### [WHAT IS REQUIRED]
The records that follow must be repeated exactly, minus the images.

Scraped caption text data
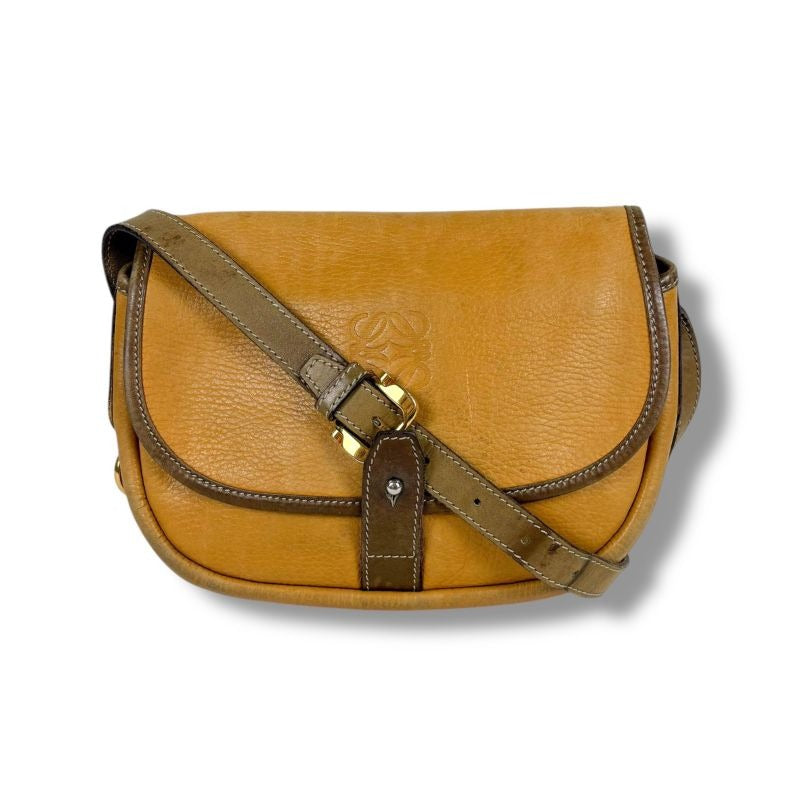 Loewe Anagram Logo Mini Shoulder Bag Yellow Beige Leather Vintage
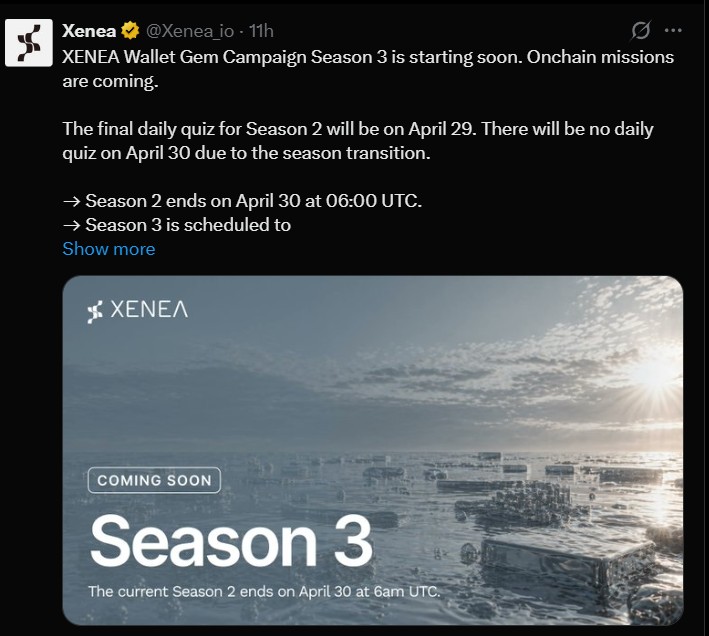 Season 2 Ends, Season 3 Soon: When is Xenea Wallet listing Date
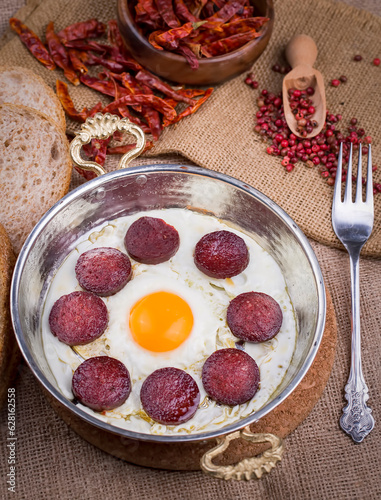 Fried sausage with egg in c...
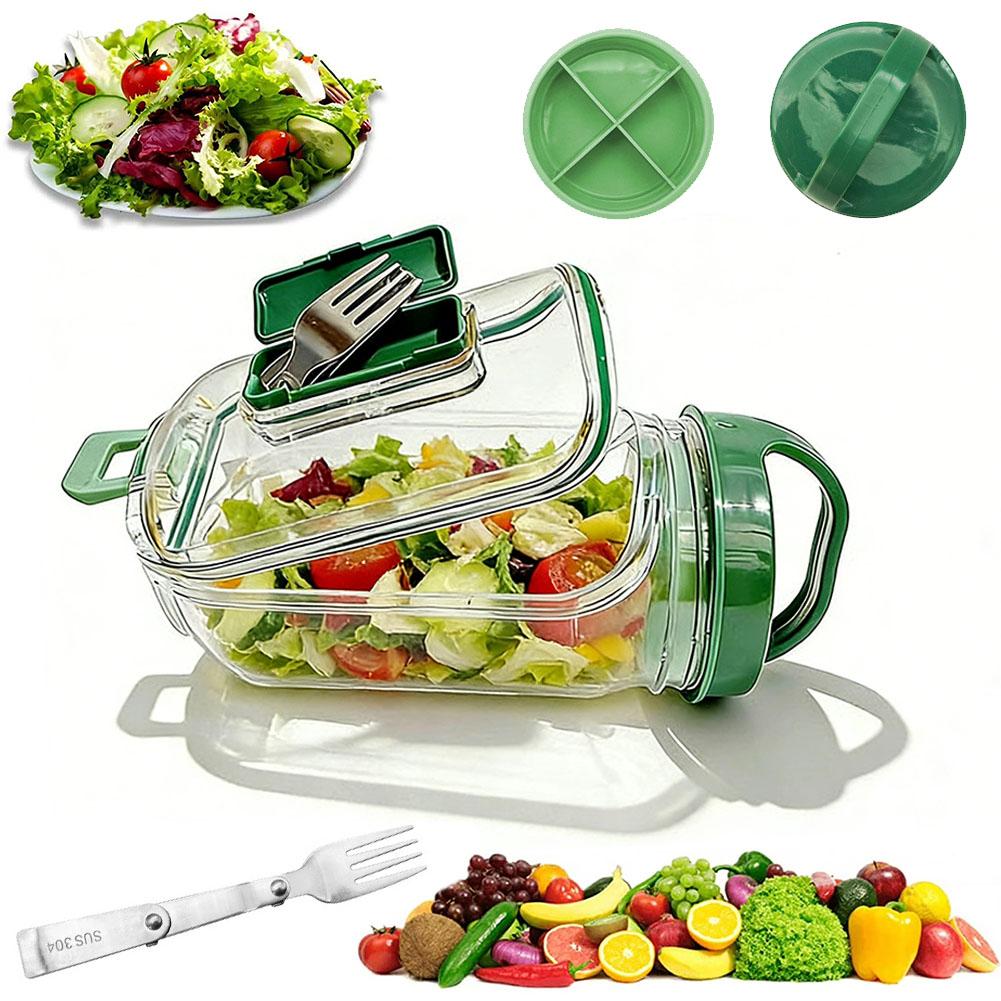 Meal Prep Jar - Recipiente Portátil para Salada com Garfo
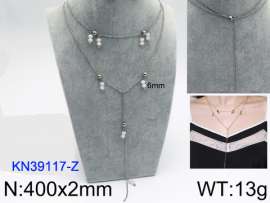 Stainless Steel Stone & Crystal Necklace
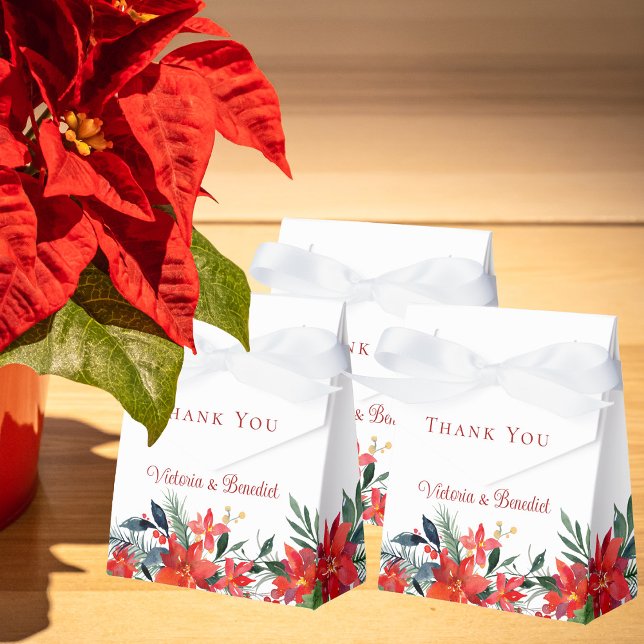 Chic Red Christmas Poinsettia Floral Wedding Party Favor Boxes (Creator Uploaded)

### [RESULT OF THIS TASK]
 Loewe Anagram Logo Mini Shoulder Bag Yellow Beige Leather Vintage
 Season 2 Ends, Season 3 Soon: When is Xenea Wallet listing Date
 Fried sausage with egg in c...
 Meal Prep Jar - Recipiente Portátil para Salada com Garfo
 Stainless Steel Stone & Crystal Necklace
 Chic Red Christmas Poinsettia Floral Wedding Party Favor Boxes (Creator Uploaded)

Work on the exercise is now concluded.